OT-Need Help, Rod Holder with screws that have worn through the wood
Got a Rod holder were the screws have worn through the wood in the gunnel and are more then stripped. The problem is the manufacturer cut the whole too big with the drill and there was very little wood between the insert pole of the rod holder and the screw that locks it down. After some wear and tear the wood has been worn off and the screws have nothing to bite into. There is no way of fixing it that I know of. The wood is gone and the hole has already been cut. Any thoughts on how to fix? Cutting a new hole and patching the old one is my last option. Thanks,
I think I understand your issue, You can take the rod holder out and fill with in the hole some with an epoxy to make the hole smaller, you can also fill in the screw holes with epoxy and the scews will be able to bite again. You can use west system epoxy with a filler to make a puddy to suit your needs. If the wood has lost its body you can use a product called git-rot which is a thin epoxy that will wick into the loose wood and set up. Also instead of using a wood screw see if you have room for a machined scew so you can use a fender washer and self locking nut on the underside. You can get a #8, #10 or 1/4 inch ovel head machine screw that looks just like a head of a wood screw. YOu may have to use 1 wood screw and be able to use two machine screws. I hope I am on track and my comments are helpful. Good Luck.

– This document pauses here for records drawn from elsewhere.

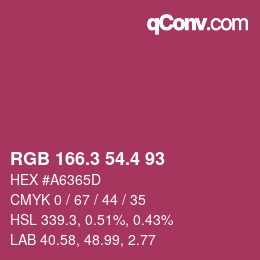 カラーコード: RGB 166.3 54.4 93 | qconv.com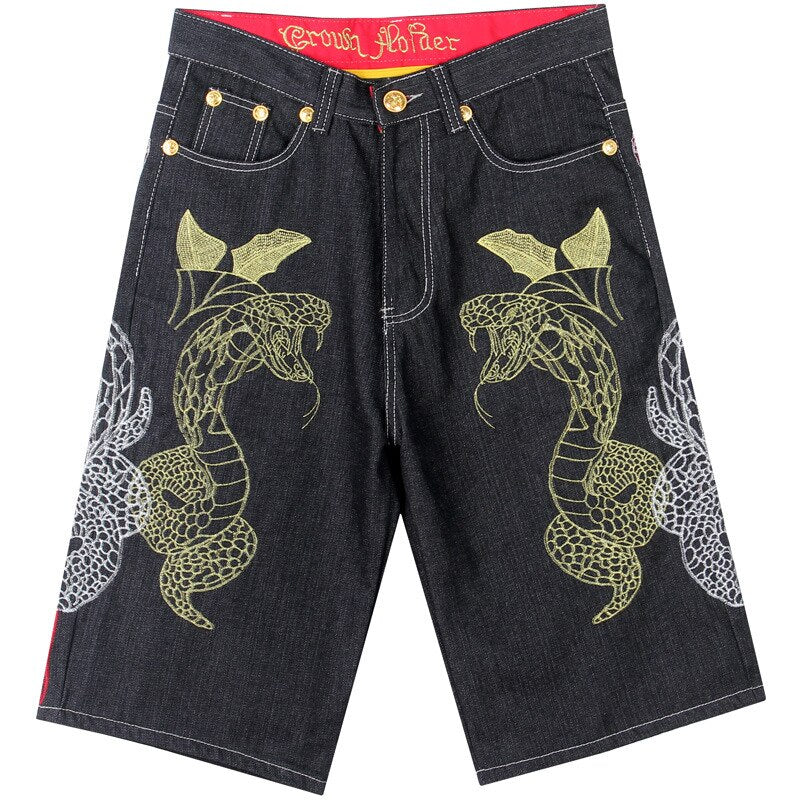 Men's Embroidery Denim Snake Shorts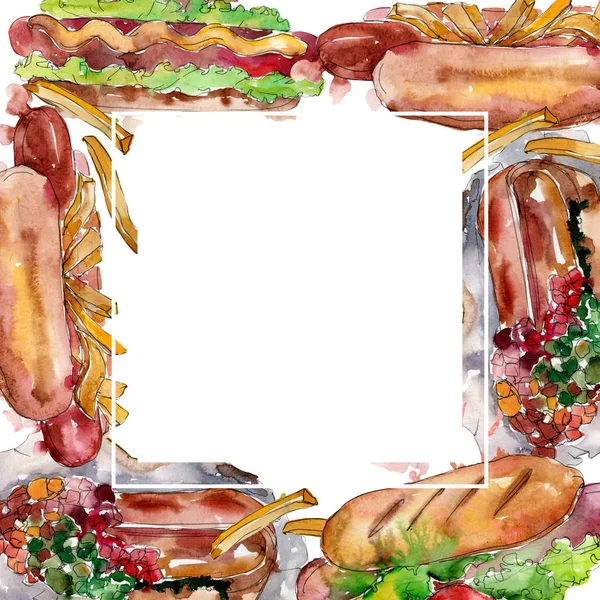 Hot Dog Fast Food isoliert. Aquarell Hintergrundillustration Set. Rahmen Rand Ornament Quadrat. — Stockfoto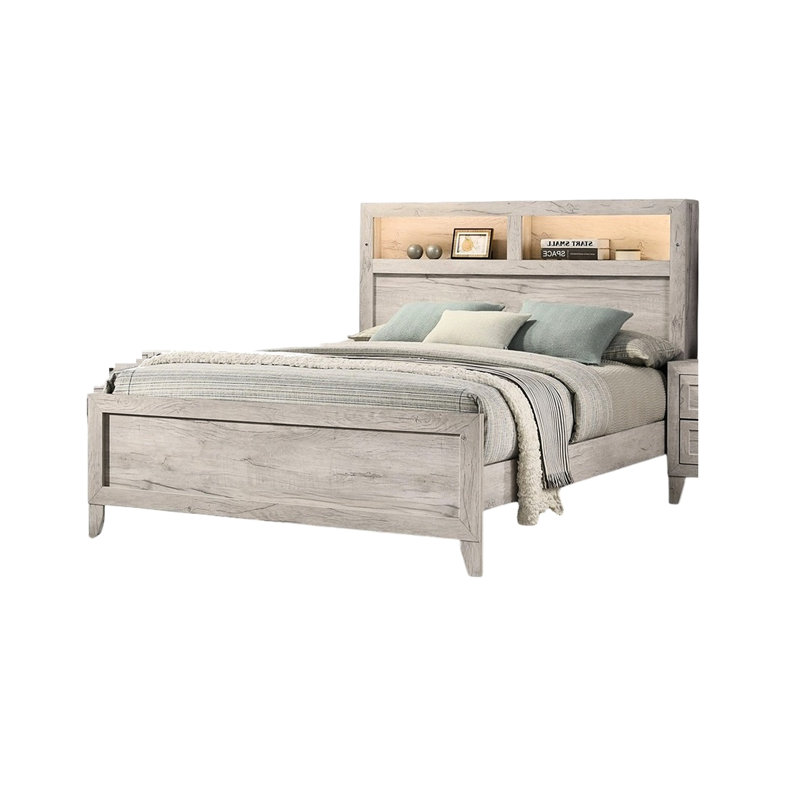 White Washed Full Size Bed With Headboard Shelves And Lighting, Contemporary Bedroom Furniture, Button Acrylic Buttons, Simple Assembly , Paper Veneer,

Many years ago, my uncle repaired the binding on my water skis by stuffing wooden toothpicks into the hole where the wood had been worn by the screw. He put the screw back in and it "bit" on one side to the toothpicks and on the other to the remaining wood on the ski. Friction was enough to hold the toothpick side in place. I used the skis for several years after that.
Since then, I have applied the same trick when screws have pulled - using sections of thin wooden dowels instead of toothpicks. I usually use some wood glue to help the dowel section to stay in place in the screw hole.
You can fix the problem easily by installing a stainless backing plate. The plate goes on the underside of the gunnel and use nuts and bolts to secure in place.
If you call me at (410)913-1249 give me the width and legnth desired I'll cut 1 or more for you.
I had the same problem. Install a SS backing plate under the gunnel for all of your holders. If one has this problem, it's only a matter of time before others fail.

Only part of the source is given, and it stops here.